WORK ITEM
Below are some records. Retype exactly the lines from the one containing "Caneca De Café" through the one containing "NATURELO Mushroom Supplement", both included, skipping every picture.

DATA FOR PROCESSING

● ● ● ●

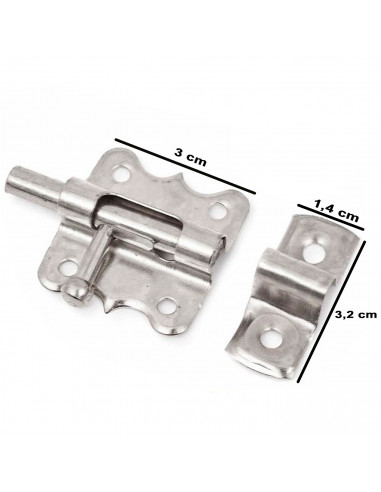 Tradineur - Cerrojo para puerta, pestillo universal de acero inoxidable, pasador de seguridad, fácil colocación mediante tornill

● ● ● ●

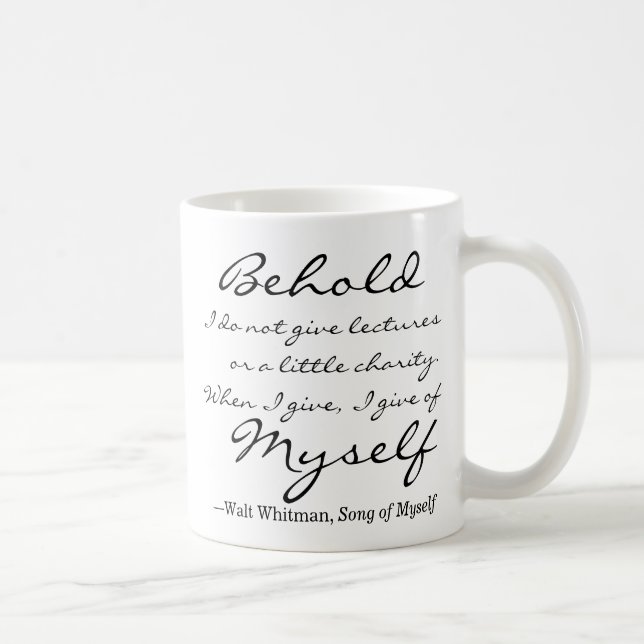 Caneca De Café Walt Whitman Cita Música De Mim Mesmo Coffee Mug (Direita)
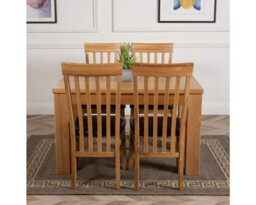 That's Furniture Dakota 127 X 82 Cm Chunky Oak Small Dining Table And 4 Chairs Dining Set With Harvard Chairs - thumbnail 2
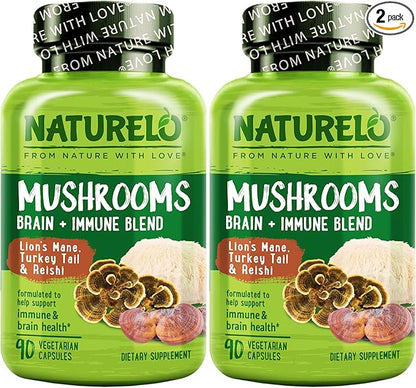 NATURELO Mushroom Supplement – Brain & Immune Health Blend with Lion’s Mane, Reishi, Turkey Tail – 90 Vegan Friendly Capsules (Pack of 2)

● ● ● ●

WRITTEN SOLUTION
 Caneca De Café Walt Whitman Cita Música De Mim Mesmo Coffee Mug (Direita)
 That's Furniture Dakota 127 X 82 Cm Chunky Oak Small Dining Table And 4 Chairs Dining Set With Harvard Chairs - thumbnail 2
 NATURELO Mushroom Supplement – Brain & Immune Health Blend with Lion’s Mane, Reishi, Turkey Tail – 90 Vegan Friendly Capsules (Pack of 2)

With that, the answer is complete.